Ab dem dritten Piccolo Sekt kurz nach dem Abflug, wird der Stewardess die Menschlichkeit abgesprochen und höflicher Umgang durch Fingerschnippen ersetzt. Spätestens im Taxi zum Hotel gehören elementarste Umgangsformen der Vergangenheit an. Zwei Wochen lang wird auf den Anstand geschissen, schließlich ist man ja im Urlaub. Mit kurzen Hosen in die Hagia Sophia? Na klar! Nacktbaden am Familienstrand? Ja warum nicht! Den Trevibrunnen voll kotzen? Attacke!

Ihr seid nicht besser!

Und alle, die jetzt denken: Uff ich hasse diese Touristen auch, aber ich bin ja niemand, der nach Mallorca oder Lloret fliegt um Einheimische zu belästigen. Euch sei gesagt: Ihr seid nicht besser! Ihr seid nicht toll, weil ihr statt zu saufen in kurzen Hosen Tempel entweiht, die Royal Guard der Queen nervt oder euren Namen in die Akropolis kratzt! Glaubt ihr wirklich euer Spanisch aus der Volkshochschule beeindruckt irgendjemanden in Barcelona? Ihr macht Fotos mit dem Besitzer eurer Lieblingspizzeria, nur um zu Hause von eurem guten Freund Marco aus der Toskana zu erzählen, der wahrscheinlich gar nicht euer Freund sein will! Natürlich ist jedem ein Museumsgänger lieber, als ein Komasäufer, aber wenigstens belügen die Jungs mit dem „FBI – Female Body Inspector“ T-Shirt (schlimmstes T-Shirt der Welt) sich nicht selbst! Die wissen nämlich ganz genau, dass sie sich im Ausland wie das letzte benehmen werden. Steht doch wenigstens dazu!

Niemand benimmt sich im Urlaub genauso wie daheim. Die Verlockungen der Anonymität sind zu groß. Mir geht es da nicht anders. Auch ich höre diese Stimme in meinem Kopf! Dieser Drang Handtücher auf Liegestühlen auszubreiten, wo ich doch genau weiß, dass ich erst noch frühstücken gehen werde. Diese innere Stimme, die glaubt es sei eine gute Idee weiße Socken in meine neuen Birkenstocksandalen anzuziehen. Bin das überhaupt noch ich oder ist es das Tier in mir? Eine Art Wesenheit, die die Kontrolle über meinen wehrlosen Körper übernommen hat?

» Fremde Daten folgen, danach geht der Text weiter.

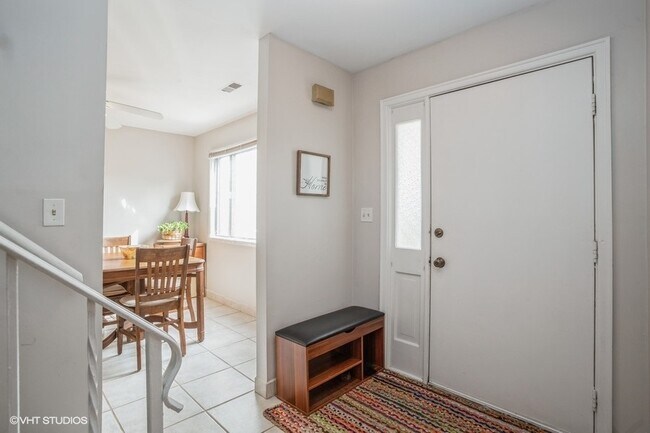 Foto del edificio - 158 Chatham Ct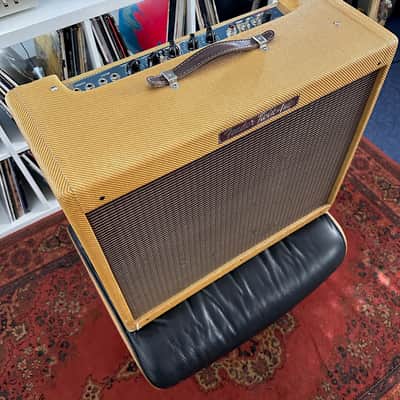 Fender '57 Twin-Amp Reissue 40-Watt 2x12" Guitar Combo 2004 - 2011 - Lacquered Tweed image 4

Oder bin das ich in meiner reinen Form?

Kein Mensch kennt mich, mag mich oder sieht mich jemals wieder

Schließlich sagte schon Kant sinngemäß: Der Mensch kann nur durch Erziehung werden was er ist! Und die geht im Urlaub flöten. Was übrig bleibt, ist der Mensch in seiner Urform, eine ungezähmte Bestie, die sich nicht mehr um Werte oder Normen schert. Das ganze Jahr über halten uns die selbst auferlegten Fesseln der Gesellschaft im Zaum und das ist auch gut so. Nur in diesen zwei Wochen, die wir liebevoll Urlaub nennen, werfen wir das Joch des guten Benehmens ab und werden zum Monster. Denn was kümmern mich Regeln, Gesetze oder Umgangsformen? Kein Mensch kennt mich, mag mich oder sieht mich jemals wieder.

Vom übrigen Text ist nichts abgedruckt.